While that's perhaps not the most useful feature especially in an office setting it highlights the different road Vivaldi's developers are taking, adding features in as other browsers opt for a more stripped down, Spartan approach. It's a road previously taken by the Opera browser, and Vivaldi was founded by developers who departed that project.

On the sidelines of the Slush startup conference in Helsinki, IT Pro spoke to Tatsuki Tomita, co-founder and COO of Vivaldi, to find out more.

Why did you have Vivaldi integrate with smart lighting?

It's one of those things, we did it because we can. In the initial implementation it connected to the browser and depending on the [browser] theme colours or time of day, it controlled automatically your lightbulbs.

But if you think about it, there are so many more things you can do [notify via lighting] if you get a Facebook message, if you're entrepreneurs and you get email from investors maybe make it glowing red. There are so many things we can do. We've been able to implement a functionality that's unique, and that no other browser is able to do. We've been able to add functions that are requested by power users, which are the core target audience we have.

What other new features are you developing?

We've been working on projects that are more time consuming, like sync functionality that lets you synchronise your bookmarks and data across different installations of Vivaldi and pre-integrated email clients into the browser.

We're constantly working on speed improvements as well as being as memory efficient as possible, the typical user we think of could have 50 or more tabs open. When I talk to other people, why do I need a new browser that's the question I get. It's already pretty good but we want it to be better... if the performance isn't better than everyone, it's just a bug we need to fix.

The mobile version is another thing that we've been working on. People tell us the things they want us to do, saying if you do this, I'll make a full switch to Vivaldi.

And are those your target audience of power users?

On the Slush flight [from San Francisco to Helsinki], I tell people what I do and listen to what they do, and they say "that's my browser" so it seems like we're hitting the core of the audience.

We're still continuing to focus on designing the browser for power users, but I think our product has a broader appeal. Out of the box, there's nothing there to scare most people. It's a very sleek and modern-looking interface. But if you want to customise your experience there are so many options. The further you dig, you discover more and more functionality. We need to kind of work on the discoverability of that functionality, but out of the box, it definitely has appealed to a much broader audience.

But we're still communicating the value of the product to the target audience, but that doesn't exclude anyone. One of the things we've been thinking about from the marketing perspective is that we try to convince the target audience, who will hopefully tell the others, less technical users who may not be looking for another browser. It's not the main concern for average users, they're not looking for a new browser every day. Technical users have very specific needs, very specific things they want to be able to do with a browser.

Rival browsers are increasingly stripped down, why are you taking the opposite road?

We're contrarian, we try to go in the opposite.
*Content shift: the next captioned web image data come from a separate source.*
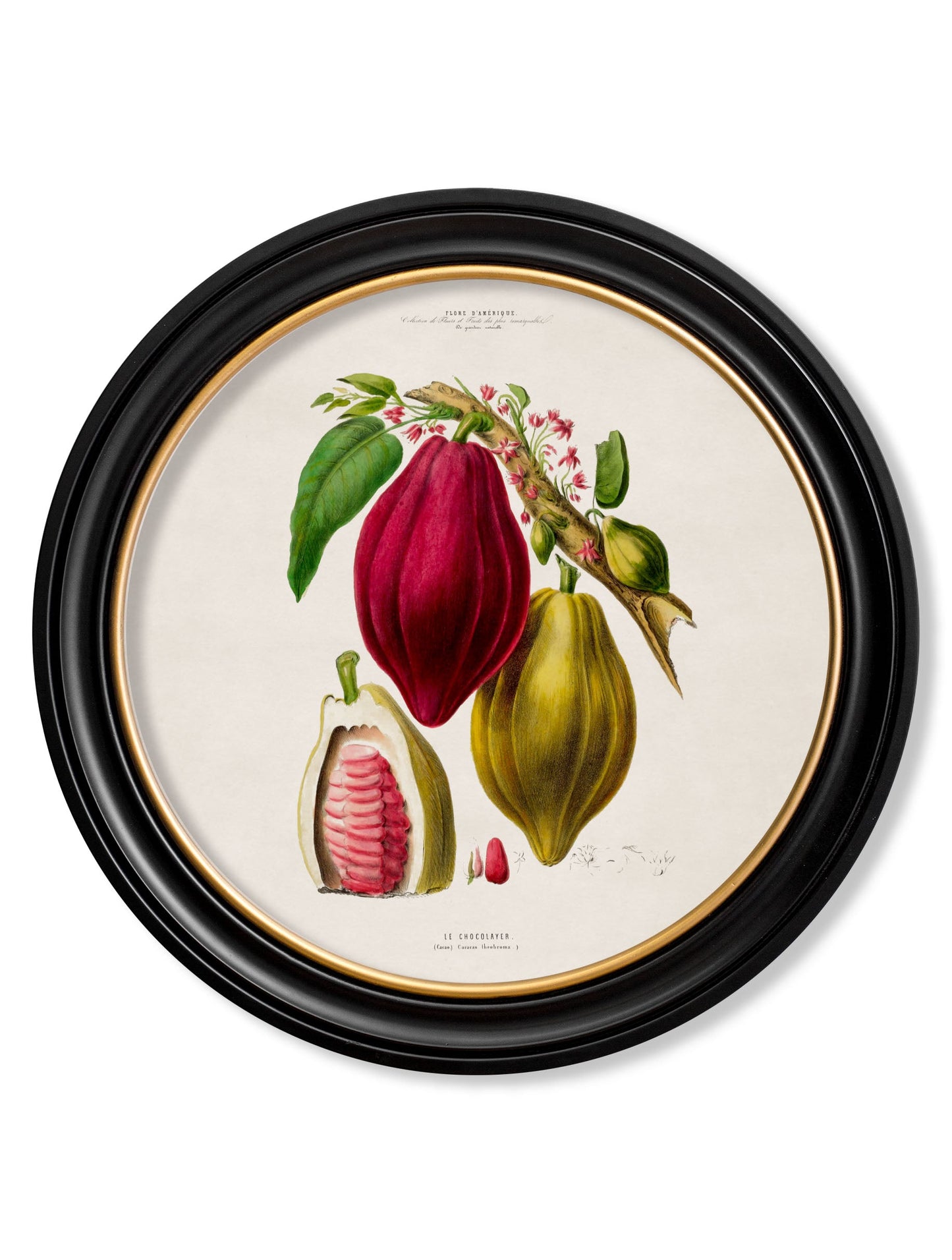 c.1843 Chocolate Plant – Round Frame detail – Leya Buster Interiors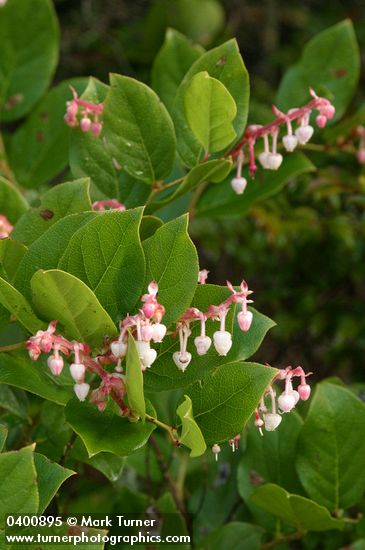Gaultheria shallon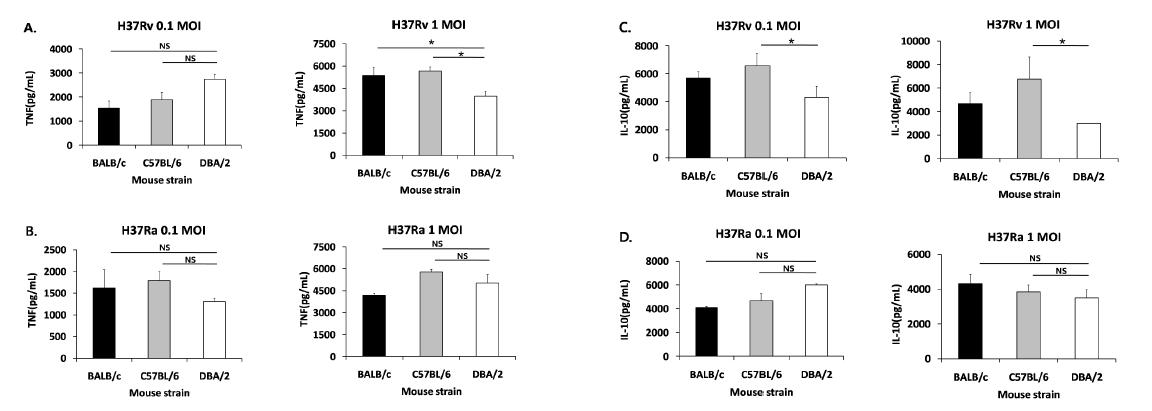 BALB/c, C57BL/6, DBA/2 마우스 대식세포에 결핵균 감염 시 pro-inflammatory cytokine TNF-a와 IL-10 발현 비교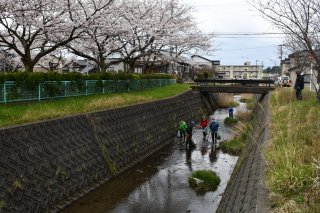1面：地元住民が八千川を清掃　糸魚川市須沢地区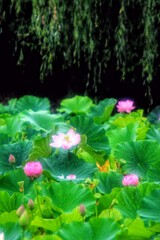 蓮池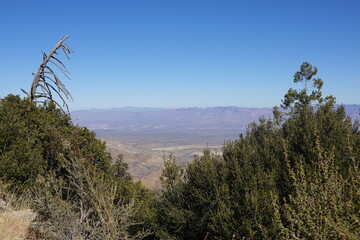 Mount Lemmon, AZ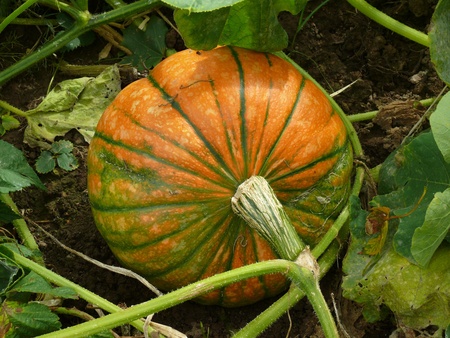 pumpkinの写真素材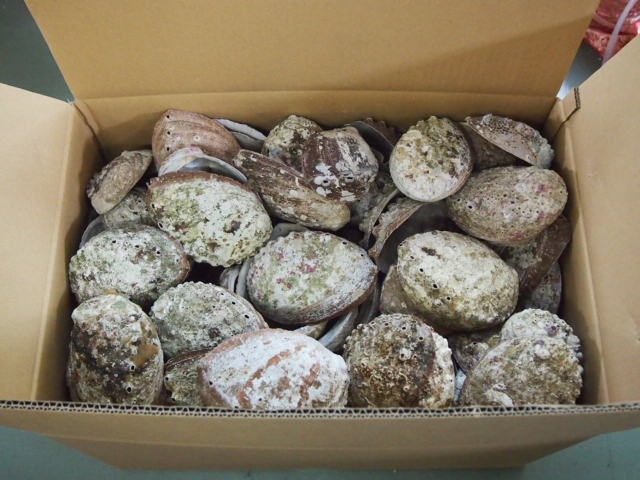 クロアワビ(自然)【約13～15cm/約18kg】 En: Haliotis discus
There's no reason for a user to use another browser if we just look the same as any other browser. So we're trying to find our niche. We're highly differentiated from other browsers that are out there, but also we are basically making a browser that we really like and for people like us. That was the main driver, but from a business perspective, it kind of makes sense to be different.

How are you different from Chrome in terms of data privacy?
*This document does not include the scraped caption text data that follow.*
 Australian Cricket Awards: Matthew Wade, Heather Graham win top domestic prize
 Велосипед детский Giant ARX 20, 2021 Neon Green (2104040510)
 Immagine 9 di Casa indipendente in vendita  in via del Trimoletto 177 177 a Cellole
The difference between Vivaldi and Chrome we use the same javascript engine if you use Google as a search engine, then everything gets sent through Google by default. By default we don't send anything to Google, we try to turn off everything. There are a couple of things we do use, such as Safe Browsing APIs, which you can turn off, there's a setting. What it does is download a list of malicious websites URLs and checks against that blacklist, but Google won't know and we don't' know what sites you're googling. It's a hashed value that we check against.

In general, we don't send your data, it's not our business model. Our business model is very simple: we do work with Microsoft and Yahoo and don't work with Google, but we do get paid every time a search is performed. We also have partnerships with eBay, so if someone uses eBay through us we get paid.

But we as a company don't track anyone's data. We try to be mindful, as some people use us because of the functionality we provide, and some because we're not Google.